Peptide hormone signal transduction and regulation
Author:
Rodger A Liddle, MD
Section Editor:
Benjamin A Raby, MD, MPH
Deputy Editor:
Kathryn A Martin, MD
Literature review current through: Jan 2024.
This topic last updated: May 31, 2023.

INTRODUCTION — Signal transduction is a process by which a peptide hormone transfers specific information from the outside of the target cell to elicit a cellular response. For this to occur, the hormone (eg, secretin) exerts a signal through a specific receptor that transmits information from the extracellular compartment (eg, blood) into the cell. For example, in the gastrointestinal tract, secretin is released from cells in the duodenum and is taken by the blood to the pancreas, where it binds specific receptors on duct cells. Secretin binding to its receptor initiates a signaling cascade that generates the second messenger, cyclic adenosine monophosphate (cAMP), resulting in secretion of fluid rich in bicarbonate. The transfer of information from the outside to the inside of the cells is tightly controlled, especially in settings that are vital for cellular homeostasis.

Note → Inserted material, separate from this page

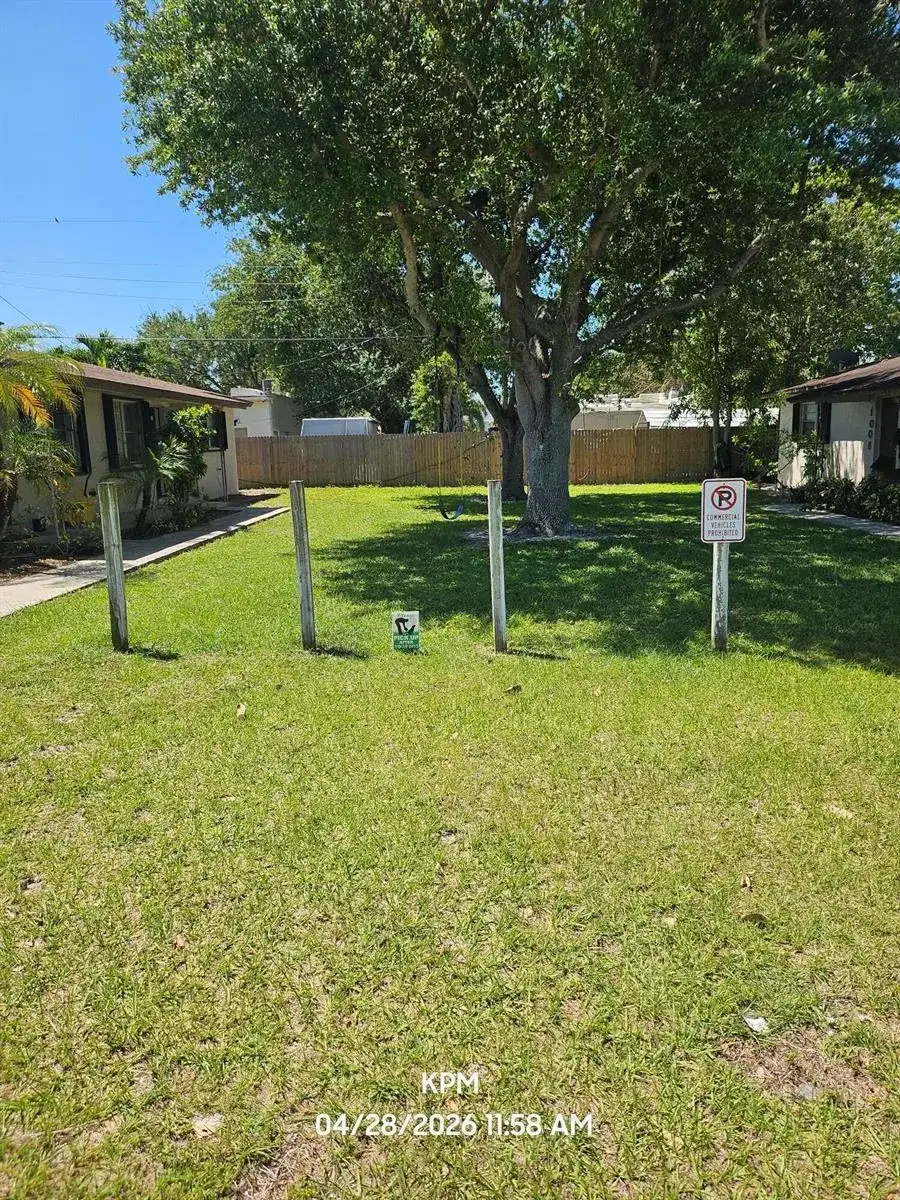 1016 Mcintosh Street, West Palm Beach FL 33405 photo 4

The normal function of a cell depends upon an intact signal regulation/termination system. If this system malfunctions, the host may experience pathophysiologic consequences, such as abnormal secretion, motility, growth, or even the development of cancer [1,2].

There are three major categories of cell-surface peptide receptors that are based on their structure and signaling mechanisms. These include G protein-coupled receptors (GPCRs), enzyme-coupled receptors, and ion channel-coupled receptors.

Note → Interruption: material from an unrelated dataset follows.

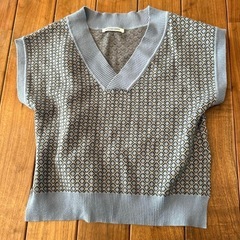 オンセブンディズ　ニットベストの画像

The major physiologic principles of cell signaling systems will be reviewed here. Discussions of individual peptide hormones are presented separately. (See "Overview of gastrointestinal peptides in health and disease" and "Physiology of cholecystokinin" and "Physiology of gastrin".)

RECEPTOR STIMULATION — Despite the vast array of information communicated to a cell, the basic components of the signaling system are relatively simple (figure 1). A peptide hormone binds to a cell-surface receptor and stimulates activation of an effector system. Cell-surface receptors are capable of interacting with only certain chemical messages. The specificity of the hormone-receptor interaction is responsible for the unique cellular response.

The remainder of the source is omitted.